- EXERCISE OBJECTIVE:
For this task, output exactly the lines of the material below starting at the line with "Modern house with" and ending at the line with "Denkmal für die"; pictures are to be excluded.

[RECORDS FOR PROCESSING — start]

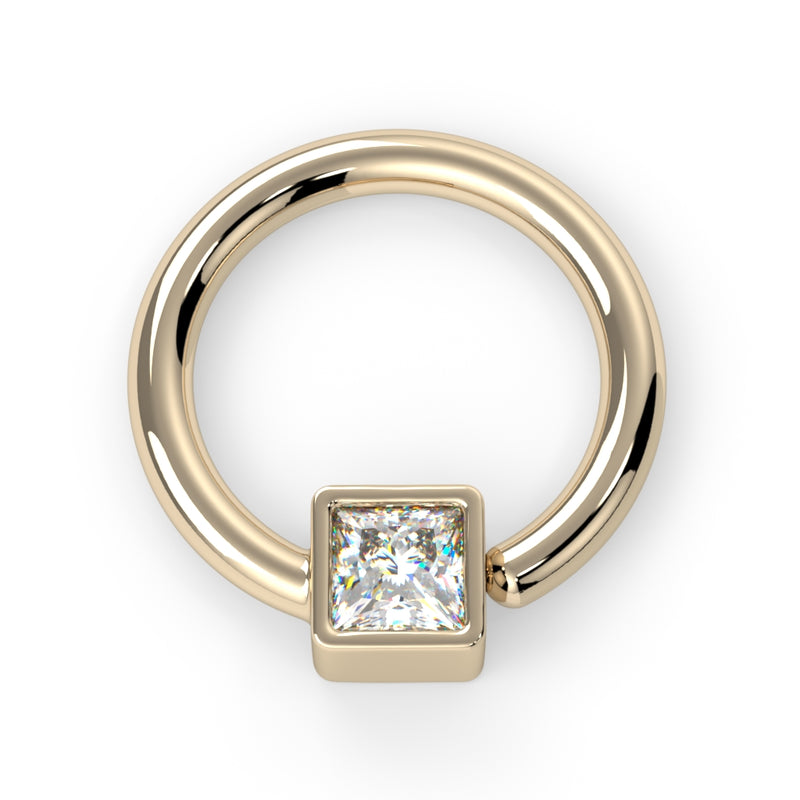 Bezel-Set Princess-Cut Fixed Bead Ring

[RECORDS FOR PROCESSING — finish]
[RECORDS FOR PROCESSING — start]

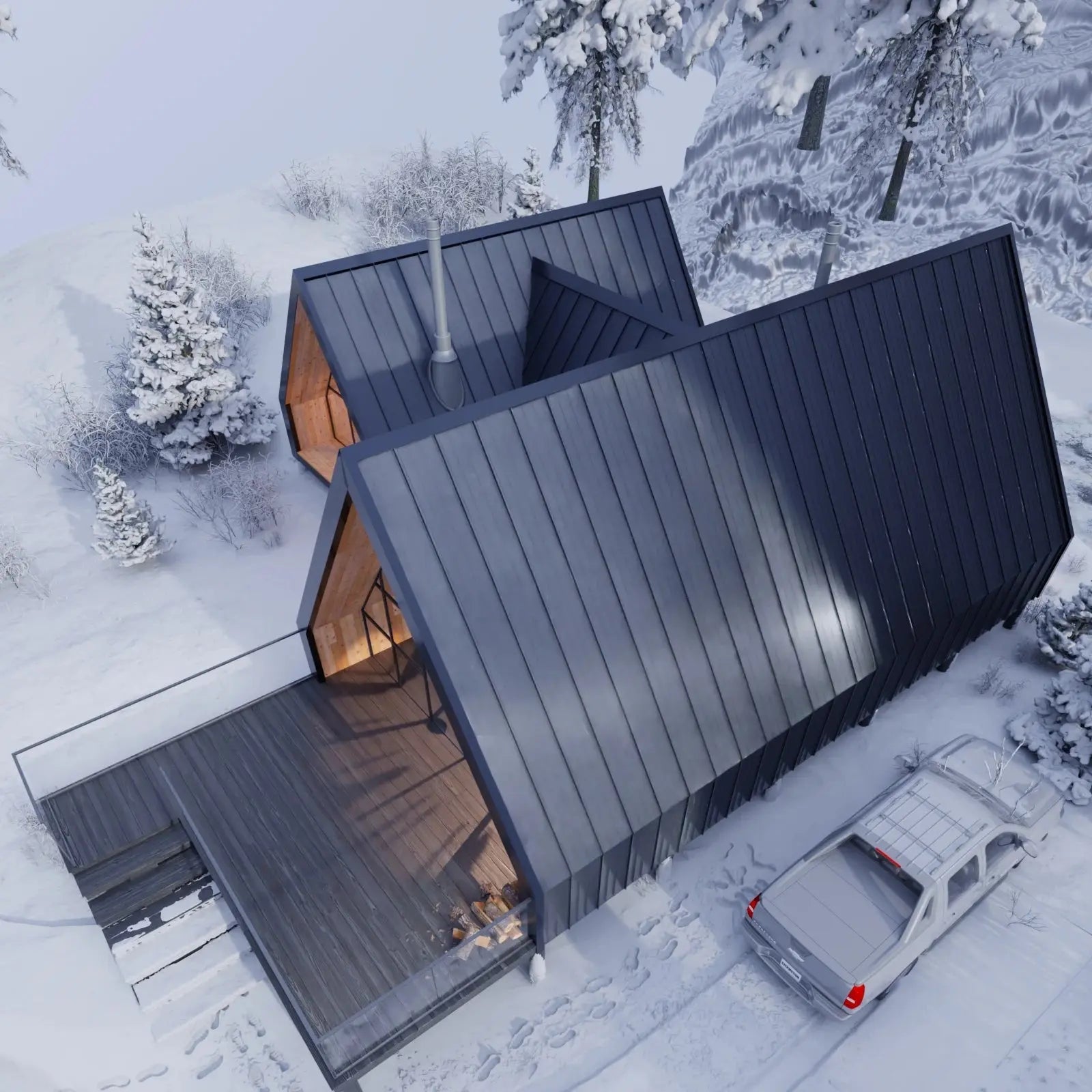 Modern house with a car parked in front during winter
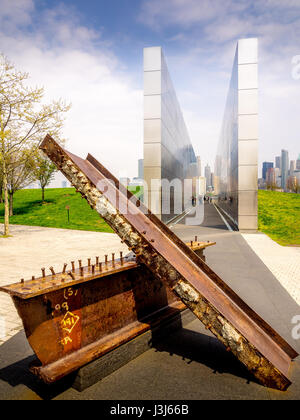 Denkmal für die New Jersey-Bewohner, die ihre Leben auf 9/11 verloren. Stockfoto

[RECORDS FOR PROCESSING — finish]

- REPLY:
 Modern house with a car parked in front during winter
 Denkmal für die New Jersey-Bewohner, die ihre Leben auf 9/11 verloren. Stockfoto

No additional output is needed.